### The records:
::::::::::

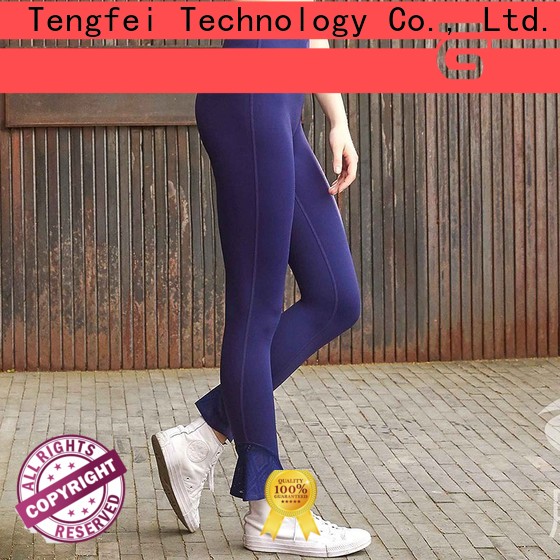 stable custom sportswear manufacturer by Chinese manufaturer for outdoor activities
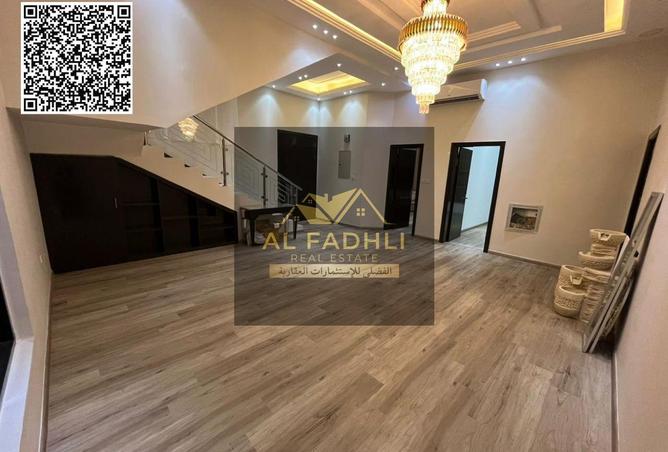 15141674 - صورة العقار 2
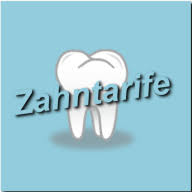 Zahntarife-Servicecenter für Zahnversicherungen Logo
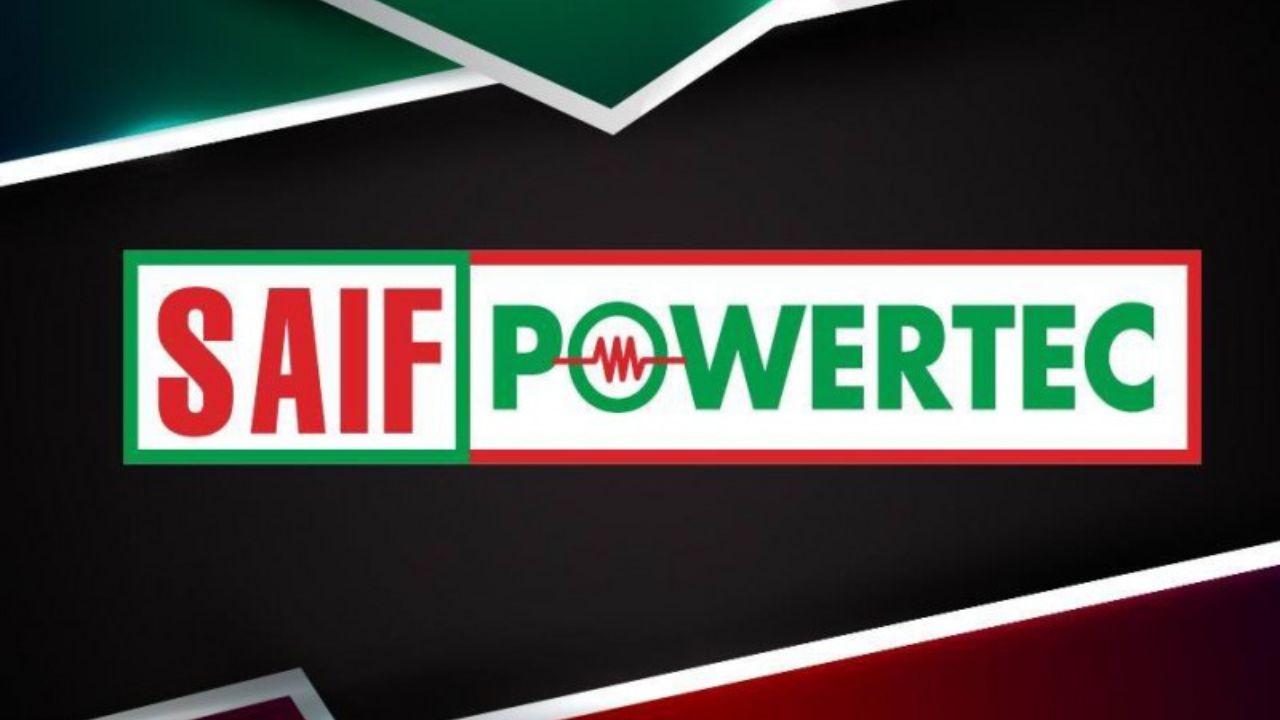 CPA to sue Saif Powertec subsidiary over Tk4.43cr dues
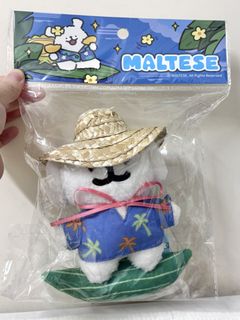 （分類：）位於 。 由 goodforsell_2 提交（商品編號 1469255026，圖片 1）。簡介： 。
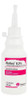 Clorexidina Riohex 0,5% Solução Alcoólica 100ml 10 Unidades 1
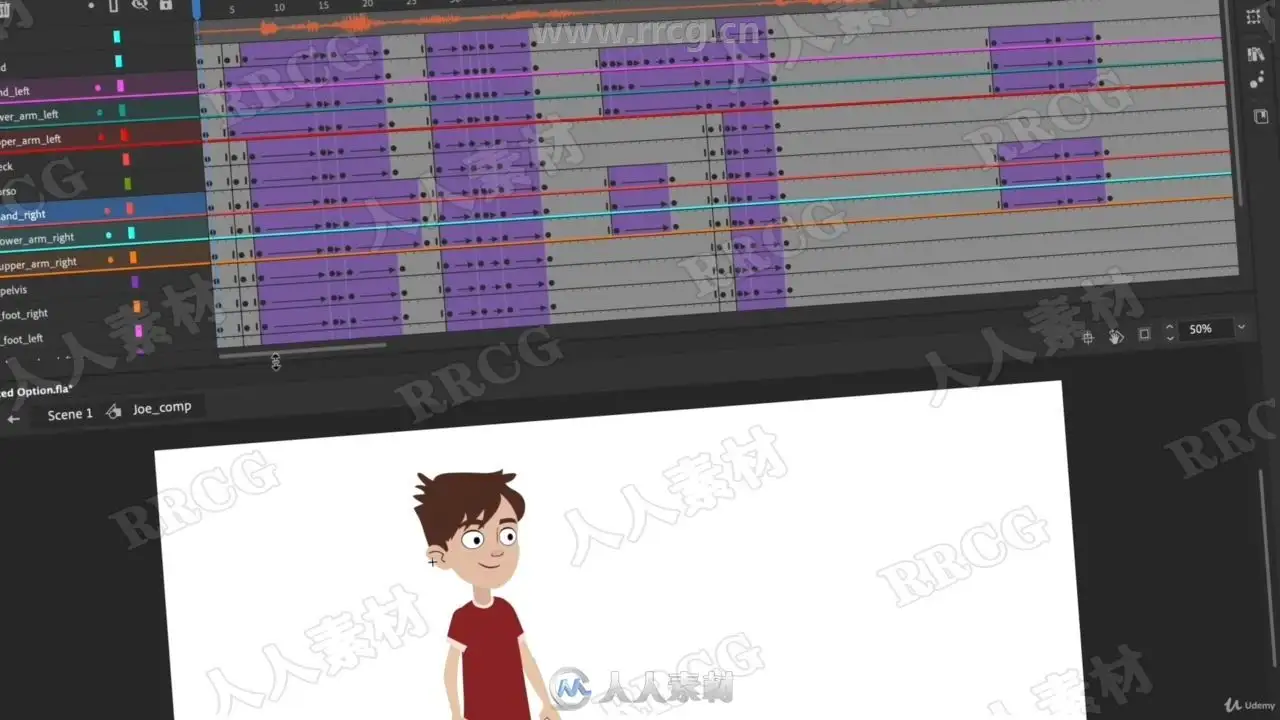 no name (2)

::::::::::

### Action item:
Locate "Zahntarife-Servicecenter für Zahnversicherungen" in the listing above, then print exactly the lines from that line through the final one, omitting all pictures.

### Task response:
 Zahntarife-Servicecenter für Zahnversicherungen Logo
 CPA to sue Saif Powertec subsidiary over Tk4.43cr dues
 （分類：）位於 。 由 goodforsell_2 提交（商品編號 1469255026，圖片 1）。簡介： 。
 Clorexidina Riohex 0,5% Solução Alcoólica 100ml 10 Unidades 1
 no name (2)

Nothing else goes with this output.